Task requirements — From the line with "Коврик гимнастический/Коврик SPRINTER/Коврик" through the line with "风长袖加厚盘扣休闲暗纹清明上河图纯色衬衫电商A100-C18-P68图片", inclusive, return each line of the data below exactly and leave the rest out.
*** Supplied records ***
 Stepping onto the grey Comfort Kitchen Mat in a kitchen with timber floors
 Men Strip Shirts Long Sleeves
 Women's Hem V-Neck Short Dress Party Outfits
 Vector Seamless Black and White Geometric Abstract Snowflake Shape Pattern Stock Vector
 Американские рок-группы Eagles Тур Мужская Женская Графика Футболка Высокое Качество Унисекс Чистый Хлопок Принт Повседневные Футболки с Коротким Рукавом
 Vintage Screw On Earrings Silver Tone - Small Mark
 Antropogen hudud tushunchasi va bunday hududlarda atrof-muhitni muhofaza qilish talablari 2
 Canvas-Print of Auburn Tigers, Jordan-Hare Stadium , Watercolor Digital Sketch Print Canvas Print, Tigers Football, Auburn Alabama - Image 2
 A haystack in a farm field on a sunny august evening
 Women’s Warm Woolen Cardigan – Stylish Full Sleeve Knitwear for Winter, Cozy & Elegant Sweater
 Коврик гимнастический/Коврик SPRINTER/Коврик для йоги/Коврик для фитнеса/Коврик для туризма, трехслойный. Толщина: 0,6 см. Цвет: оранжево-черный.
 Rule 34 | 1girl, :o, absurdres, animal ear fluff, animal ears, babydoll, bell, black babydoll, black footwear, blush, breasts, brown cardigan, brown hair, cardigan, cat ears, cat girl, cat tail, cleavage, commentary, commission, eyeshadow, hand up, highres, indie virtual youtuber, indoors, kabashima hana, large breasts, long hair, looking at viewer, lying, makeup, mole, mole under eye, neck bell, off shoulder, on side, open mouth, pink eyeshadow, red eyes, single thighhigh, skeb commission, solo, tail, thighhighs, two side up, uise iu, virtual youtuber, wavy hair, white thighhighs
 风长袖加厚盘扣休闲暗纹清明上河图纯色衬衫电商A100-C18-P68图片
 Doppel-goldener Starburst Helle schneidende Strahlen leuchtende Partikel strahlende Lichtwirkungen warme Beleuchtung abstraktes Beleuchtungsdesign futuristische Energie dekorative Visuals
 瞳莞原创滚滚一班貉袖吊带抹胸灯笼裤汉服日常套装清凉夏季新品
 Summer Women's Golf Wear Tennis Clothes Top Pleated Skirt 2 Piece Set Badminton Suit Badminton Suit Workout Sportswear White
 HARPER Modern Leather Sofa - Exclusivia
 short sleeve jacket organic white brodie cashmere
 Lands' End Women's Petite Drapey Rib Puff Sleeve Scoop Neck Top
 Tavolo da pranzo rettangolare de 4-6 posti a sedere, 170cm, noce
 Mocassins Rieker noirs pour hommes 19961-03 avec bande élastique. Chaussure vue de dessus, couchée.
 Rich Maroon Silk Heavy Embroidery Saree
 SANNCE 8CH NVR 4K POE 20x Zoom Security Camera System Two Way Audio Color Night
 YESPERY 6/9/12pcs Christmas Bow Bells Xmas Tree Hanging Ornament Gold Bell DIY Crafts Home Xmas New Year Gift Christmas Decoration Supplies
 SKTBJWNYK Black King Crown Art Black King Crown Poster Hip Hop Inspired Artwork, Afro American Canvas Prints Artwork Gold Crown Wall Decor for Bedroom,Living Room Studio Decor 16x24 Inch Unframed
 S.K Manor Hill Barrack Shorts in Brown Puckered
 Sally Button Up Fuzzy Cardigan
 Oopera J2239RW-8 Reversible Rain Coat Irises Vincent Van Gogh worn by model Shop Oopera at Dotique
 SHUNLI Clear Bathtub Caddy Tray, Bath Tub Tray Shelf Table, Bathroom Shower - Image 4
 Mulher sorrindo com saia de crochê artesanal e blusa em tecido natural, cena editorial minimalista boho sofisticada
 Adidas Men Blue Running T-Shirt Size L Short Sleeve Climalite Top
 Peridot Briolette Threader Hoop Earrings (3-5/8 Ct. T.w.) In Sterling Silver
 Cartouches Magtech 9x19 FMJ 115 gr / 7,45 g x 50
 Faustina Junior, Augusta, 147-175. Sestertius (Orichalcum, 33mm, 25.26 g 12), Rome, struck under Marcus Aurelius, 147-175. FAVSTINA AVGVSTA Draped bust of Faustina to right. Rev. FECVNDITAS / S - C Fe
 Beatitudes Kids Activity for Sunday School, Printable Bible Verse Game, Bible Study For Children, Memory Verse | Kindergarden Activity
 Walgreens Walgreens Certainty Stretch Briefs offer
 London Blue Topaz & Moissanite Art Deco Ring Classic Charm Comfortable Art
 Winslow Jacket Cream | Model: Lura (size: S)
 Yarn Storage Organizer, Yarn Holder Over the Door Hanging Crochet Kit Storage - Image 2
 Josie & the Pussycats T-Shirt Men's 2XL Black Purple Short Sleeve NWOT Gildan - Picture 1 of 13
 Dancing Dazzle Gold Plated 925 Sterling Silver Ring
***
Solution below —
 Коврик гимнастический/Коврик SPRINTER/Коврик для йоги/Коврик для фитнеса/Коврик для туризма, трехслойный. Толщина: 0,6 см. Цвет: оранжево-черный.
 Rule 34 | 1girl, :o, absurdres, animal ear fluff, animal ears, babydoll, bell, black babydoll, black footwear, blush, breasts, brown cardigan, brown hair, cardigan, cat ears, cat girl, cat tail, cleavage, commentary, commission, eyeshadow, hand up, highres, indie virtual youtuber, indoors, kabashima hana, large breasts, long hair, looking at viewer, lying, makeup, mole, mole under eye, neck bell, off shoulder, on side, open mouth, pink eyeshadow, red eyes, single thighhigh, skeb commission, solo, tail, thighhighs, two side up, uise iu, virtual youtuber, wavy hair, white thighhighs
 风长袖加厚盘扣休闲暗纹清明上河图纯色衬衫电商A100-C18-P68图片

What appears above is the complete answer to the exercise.